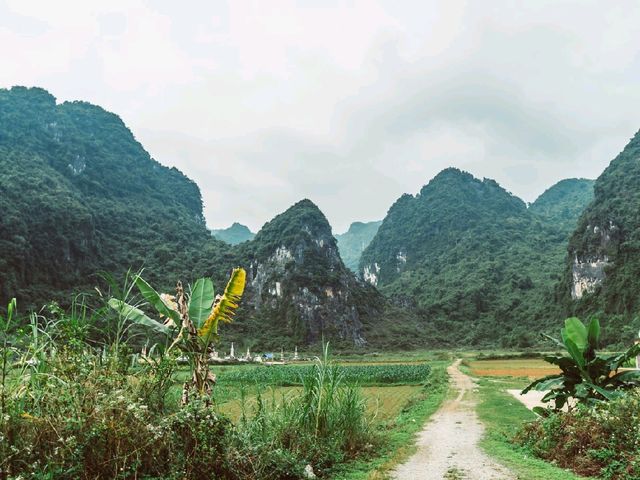 Paradise Found: Exploring Paradise Cave in Vietnam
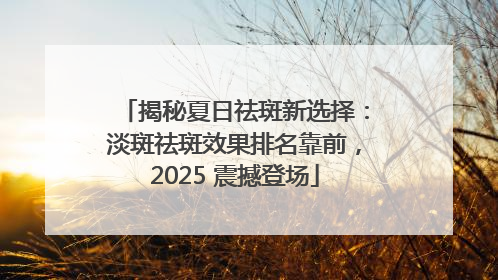 揭秘夏日祛斑新选择：淡斑祛斑效果排名靠前，2025 震撼登场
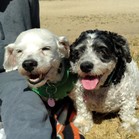 Lucy & Larry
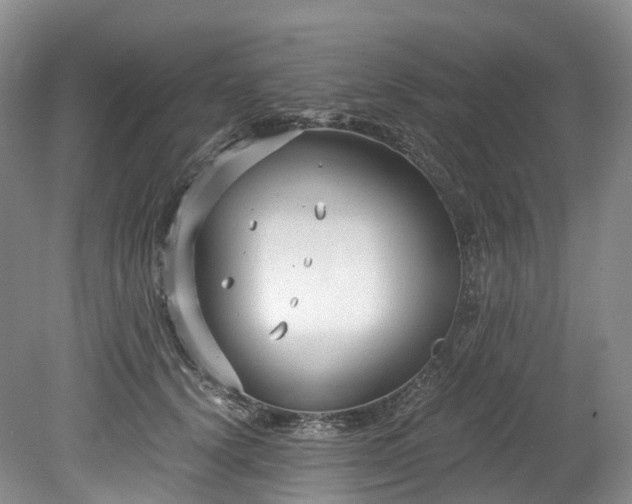 X0000078280656200611101135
———
_TASK DETAILS_: Only the lines from the one with "揭秘夏日祛斑新选择：淡斑祛斑效果排名靠前，2025 震撼登场" through the final line of the data should be written out, exactly and including both ends. Skip the pictures.

_EXERCISE SOLUTION_:
 揭秘夏日祛斑新选择：淡斑祛斑效果排名靠前，2025 震撼登场
 Lucy & Larry
 X0000078280656200611101135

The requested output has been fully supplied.